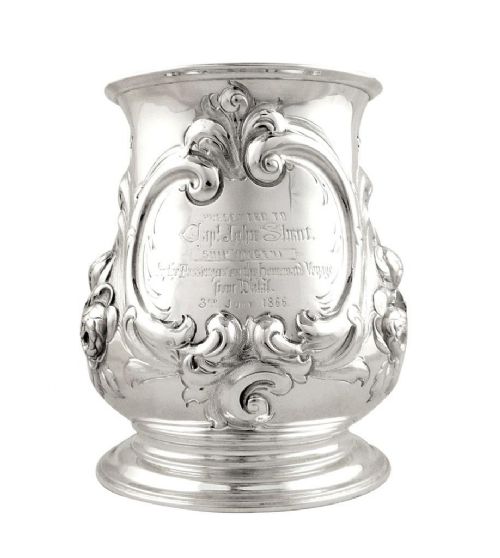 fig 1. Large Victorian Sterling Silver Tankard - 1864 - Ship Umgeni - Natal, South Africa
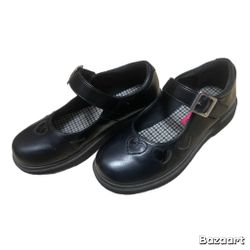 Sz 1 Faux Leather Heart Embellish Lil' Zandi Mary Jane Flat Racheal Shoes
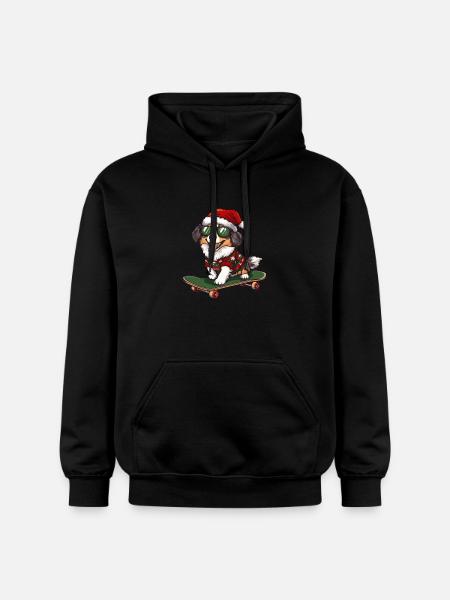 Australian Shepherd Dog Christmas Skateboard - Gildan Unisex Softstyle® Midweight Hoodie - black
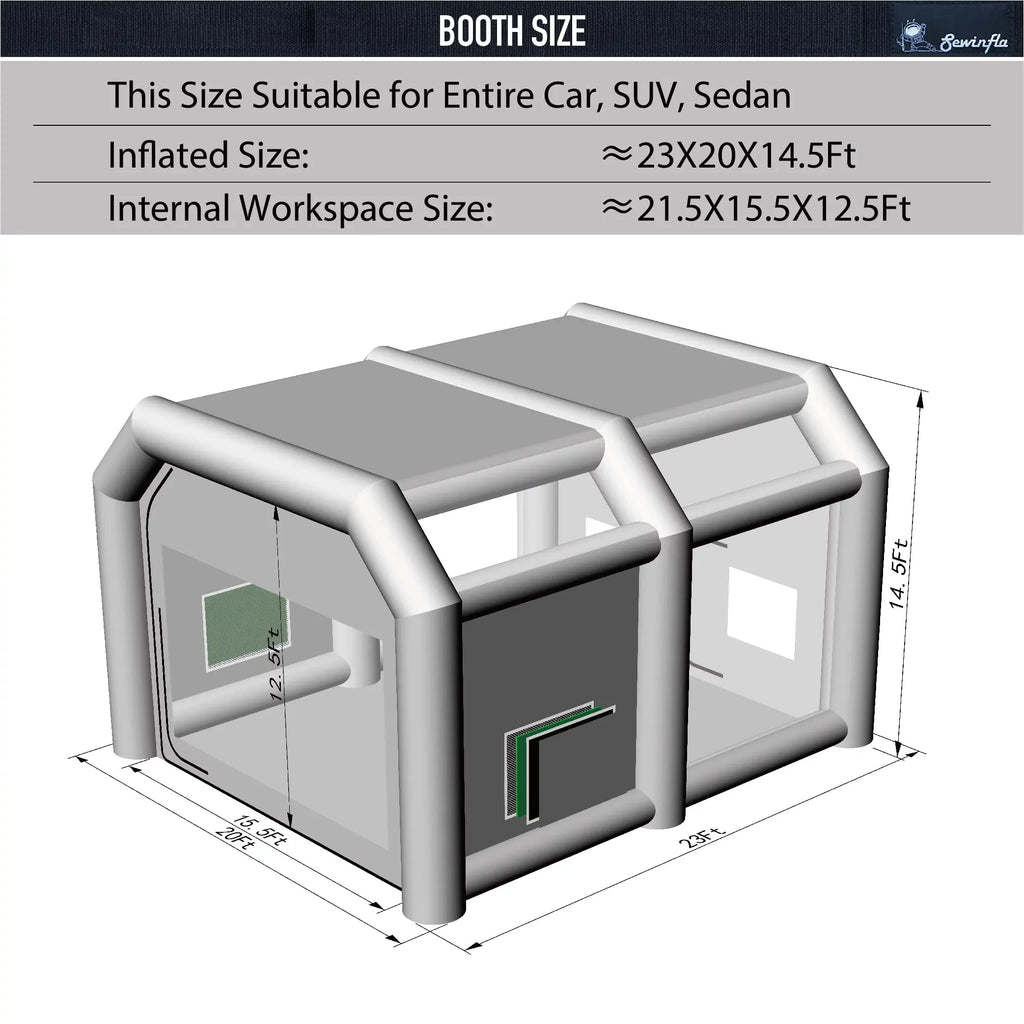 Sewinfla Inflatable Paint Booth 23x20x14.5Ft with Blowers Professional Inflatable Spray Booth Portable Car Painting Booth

Your goal
Please copy exactly, and only, the lines from the one that contains "Sz 1 Faux Leather" through the last line of the data above, omitting all pictures.

Reply to the task
 Sz 1 Faux Leather Heart Embellish Lil' Zandi Mary Jane Flat Racheal Shoes
 Australian Shepherd Dog Christmas Skateboard - Gildan Unisex Softstyle® Midweight Hoodie - black
 Sewinfla Inflatable Paint Booth 23x20x14.5Ft with Blowers Professional Inflatable Spray Booth Portable Car Painting Booth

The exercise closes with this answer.